O protetor da Bolívia

A quem interessa um golpe de Estado na Bolívia, para apear do poder o presidente Evo Morales? Na Bolívia, a ninguém. O país está completando 25 anos de regime democrático, trôpego, é verdade, e as forças políticas que desde a independência trocavam o governo pela força, a cada dois anos, já não têm condições para tanto. Os militares já não são protagonistas políticos. Os sindicatos mineiros perderam importância. Os empresários da região mais desenvolvida do país querem autonomia, mas não à custa de sangue e caos. Os partidos dedicam-se apenas à luta parlamentar na Assembléia Constituinte, com a oposição bloqueando as tentativas de Evo Morales de fazer uma constituição "bolivariana", restritiva das liberdades fundamentais. Os movimentos sociais podem criar impasses institucionais, mas não têm estrutura para assumir as responsabilidades do poder autocrático. Na verdade, os presidentes bolivianos que não completaram seus mandatos, nos últimos anos, caíram por suas fraquezas, não em razão de algum golpe.

Dos Estados Unidos não vem ameaça alguma - nem o relaxamento do combate ao narcotráfico pelo governo de Evo Morales, um antigo líder cocalero, criou antagonismos que possam levar à desestabilização do regime. Os países vizinhos, por sua vez, a começar pelo Brasil, têm demonstrado excepcional tolerância e boa vontade com um governo que não respeita tratados e contratos.
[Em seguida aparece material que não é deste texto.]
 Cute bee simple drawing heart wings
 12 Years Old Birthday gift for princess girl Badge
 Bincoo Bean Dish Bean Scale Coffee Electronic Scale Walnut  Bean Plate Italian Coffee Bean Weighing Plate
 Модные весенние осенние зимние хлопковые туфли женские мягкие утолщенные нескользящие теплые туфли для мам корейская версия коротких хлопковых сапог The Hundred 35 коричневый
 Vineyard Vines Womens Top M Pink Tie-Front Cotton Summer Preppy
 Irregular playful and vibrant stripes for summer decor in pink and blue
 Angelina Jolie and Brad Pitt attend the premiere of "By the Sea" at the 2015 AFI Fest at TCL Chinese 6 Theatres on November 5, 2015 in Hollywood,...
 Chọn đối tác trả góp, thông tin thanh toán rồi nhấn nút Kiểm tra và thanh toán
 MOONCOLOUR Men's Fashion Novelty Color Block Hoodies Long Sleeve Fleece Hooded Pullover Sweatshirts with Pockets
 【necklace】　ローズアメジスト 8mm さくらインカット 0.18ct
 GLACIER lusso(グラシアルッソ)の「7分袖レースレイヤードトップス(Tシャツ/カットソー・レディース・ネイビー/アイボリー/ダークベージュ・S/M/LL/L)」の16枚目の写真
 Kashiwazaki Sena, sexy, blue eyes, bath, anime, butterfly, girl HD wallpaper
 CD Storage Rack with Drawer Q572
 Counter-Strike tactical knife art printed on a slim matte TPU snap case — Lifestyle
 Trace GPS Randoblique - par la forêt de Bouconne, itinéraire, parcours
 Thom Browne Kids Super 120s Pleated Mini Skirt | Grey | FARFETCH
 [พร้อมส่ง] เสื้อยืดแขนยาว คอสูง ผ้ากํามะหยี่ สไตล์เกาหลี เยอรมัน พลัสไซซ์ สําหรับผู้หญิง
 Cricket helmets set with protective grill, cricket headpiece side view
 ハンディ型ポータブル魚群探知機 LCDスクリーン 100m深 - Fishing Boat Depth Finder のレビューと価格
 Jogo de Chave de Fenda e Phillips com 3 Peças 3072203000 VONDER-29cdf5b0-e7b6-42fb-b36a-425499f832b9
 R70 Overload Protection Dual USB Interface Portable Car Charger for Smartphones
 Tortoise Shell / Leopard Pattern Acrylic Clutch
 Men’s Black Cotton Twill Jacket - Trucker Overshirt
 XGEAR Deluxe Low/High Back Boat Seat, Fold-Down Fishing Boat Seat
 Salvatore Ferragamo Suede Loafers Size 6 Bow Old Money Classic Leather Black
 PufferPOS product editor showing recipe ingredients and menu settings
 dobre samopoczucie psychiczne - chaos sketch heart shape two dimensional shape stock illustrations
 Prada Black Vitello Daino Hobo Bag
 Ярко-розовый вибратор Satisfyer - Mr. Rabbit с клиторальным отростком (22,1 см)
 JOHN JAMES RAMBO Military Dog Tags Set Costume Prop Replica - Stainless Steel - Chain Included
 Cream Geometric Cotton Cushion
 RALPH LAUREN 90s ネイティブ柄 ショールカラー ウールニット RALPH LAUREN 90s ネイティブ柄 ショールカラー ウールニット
O golpe de Estado que está em marcha na Bolívia é o do presidente Evo Morales que pretende copiar lá o modelo bolivariano do coronel Chávez. Só quem fala em ameaça de golpe contra o governo boliviano é exatamente o coronel Chávez, com uma insistência que levanta a suspeita de que está interessado nele.

No domingo, sem mais nem porque, em seu programa Alô, presidente, desta vez transmitido de Cuba, o presidente da Venezuela fez sua contra-ameaça: "Se a oligarquia boliviana conseguir derrubar Evo ou assassiná-lo, saibam vocês, oligarcas da Bolívia, que os venezuelanos, não vamos ficar de braços cruzados. Tenham muito cuidado, porque não seria o Vietnã das idéias, seria o Vietnã das metralhadoras, o Vietnã da guerra. Saibam disso."

Hugo Chávez é um falastrão, mas, ao contrário do que muita gente pensa, não é inconseqüente. Não teria feito ameaça dessa gravidade - intervir militarmente em um país vizinho - se a transformação da Bolívia num Estado bolivariano estivesse indo de vento em popa. A oposição boliviana tem travado o projeto de criação de um regime idêntico ao que Chávez está impondo à Venezuela e isso o caudilho não pode tolerar. Ele sabe que seu regime estará ameaçado se não houver regimes fantoches nos países vizinhos - no caso, Bolívia e Equador. Se ficar isolado, cai na irrelevância e estiola.

Sua ousadia suscitou a reação dos partidos bolivianos de oposição, que condenaram a intromissão do caudilho venezuelano em assuntos internos da Bolívia e reclamaram de Evo Morales a "reafirmação da dignidade nacional".

Mas o governo boliviano agradeceu a manifestação de "solidariedade latino-americana" de Hugo Chávez. Pudera! A Bolívia já é uma espécie de protetorado da Venezuela. Os dois países estão ligados por um acordo militar que deu à Venezuela o direito de manter bases militares e tropas na Bolívia. O principal programa assistencial de Morales é pago com cheques assinados pelo embaixador da Venezuela e entregues por ele a prefeitos. Esse embaixador tem escritório e dá expediente no palácio presidencial. O helicóptero em que Morales se desloca pelo país é venezuelano, tripulado por militares venezuelanos. O avião que usa para viagens ao exterior também é venezuelano e venezuelanos são os seus guarda-costas.

No programa de domingo, Chávez revelou que conversou sobre o que chama de "crise boliviana" com o presidente Lula, no encontro que tiveram em Manaus. "Disse a Lula: temos de fazer algo para evitar na Bolívia o que já ocorreu na Venezuela em 2002" - referindo-se à tentativa de golpe que o deixou fora do poder por 48 horas. O caudilho não disse qual foi a resposta de Lula.

Essa resposta só pode ser uma - e deve ser pública, para que não haja dúvidas: o Brasil não apóia a ingerência de quem quer que seja nos assuntos internos de seus vizinhos e fará o que for necessário para manter a soberania da Bolívia. Esse é o único tipo de linguagem que o caudilho compreende e respeita.